The judge rejected a plea to release Jabbar on bail ahead of sentencing him next month after he pleaded guilty to causing the death of Harley on November 6 in 2020 by driving dangerously in roads in Falkirk, in Stirlingshire.
The St Mungo’s High School pupil was struck after trying to cross Polmont Road, at Laurieston, and suffered fatal head injury.
Advocate depute Alex Prentice QC told the court: “It is obvious that Harley Smith was a much loved young man who had great ambition in life and enriched the lives of others.”
The prosecutor said that earlier in the evening the teenager had left his home in Grangemouth with his bike after telling his mother that he wanted to go out for a while.
He met up with friends and after time spent socialising they decided to return to their homes.
Mr Prentice said that a couple, Alan and Jill Dougal, were out walking their dogs when they became aware of the car being driven by Jabbar travelling at high speed.
“As it approached the Mary Street roundabout Mr Dougal was concerned that the driver would lose control of the vehicle as it appeared to tilt slightly to its left as it navigated the roundabout. Jill Dougal remonstrated towards the driver to encourage him to slow down,” he said.
“At this time a bus on the road ahead was pulling into a bus stop. The Mercedes motor car navigated around the bus by entering the opposing lane contrary to the ‘keep left’ bollard situated on the road,” he said.
Mr Prentice said Donald Conroy, a motorist driving on Polmont Road, saw the Mercedes travelling at “a very high speed”.
“He observed in his rear view mirror the Mercedes screeching to a halt and a person being propelled into the air to the height of what seemed like the ‘top of the lamp post’,” said the prosecutor.
Mr Prentice added: “What Mr Conroy saw was the accused colliding with Harley Smith who was crossing the road. The accused drove towards the locus at a speed estimated to be around 80 mph.”

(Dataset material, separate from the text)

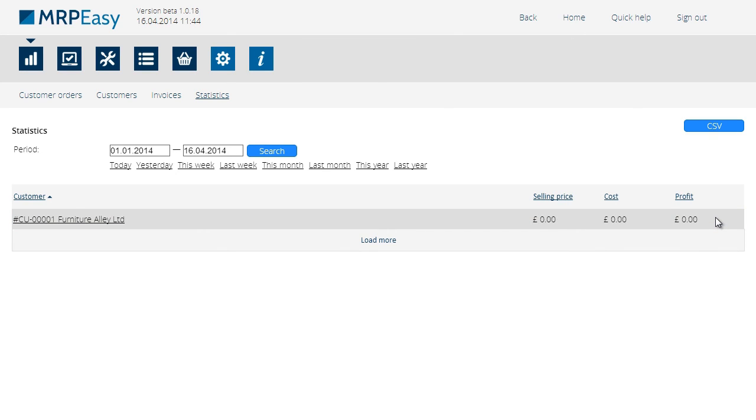In order to see the profit, the following requirements have to be met. The production order must be finished, the production order must be tied to the customer order by booking the articles, and the status of the customer order must be either shipped and invoiced, or delivered.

“Collision investigators are of the view that the collision and impact would not have occurred had the accused abided by the speed limits and had adjusted his driving to the circumstances. I say that because it was foggy and dark,” he told the court.
Police arrived to secure the scene and convenience store owner Jabbar, of Jarvie Road, Falkirk, admitted that he was the driver at the time of the collision.
The court heard he has previous convictions, including for careless driving and had been freed under two bail orders from Falkirk Sheriff Court at the time of the crash.
He said: “I was driving along the road with my two friends in the car and out of nowhere out on the right-hand side, a cyclist appeared wearing all black on an all-black bike and then I never seen him and then boom, he came right on top of the windscreen.”
Defence counsel Tony Lenehan said it was accepted that “a substantial prison sentence” would be imposed for the offence.
Sentence was deferred on Jabbar for the preparation of a background report.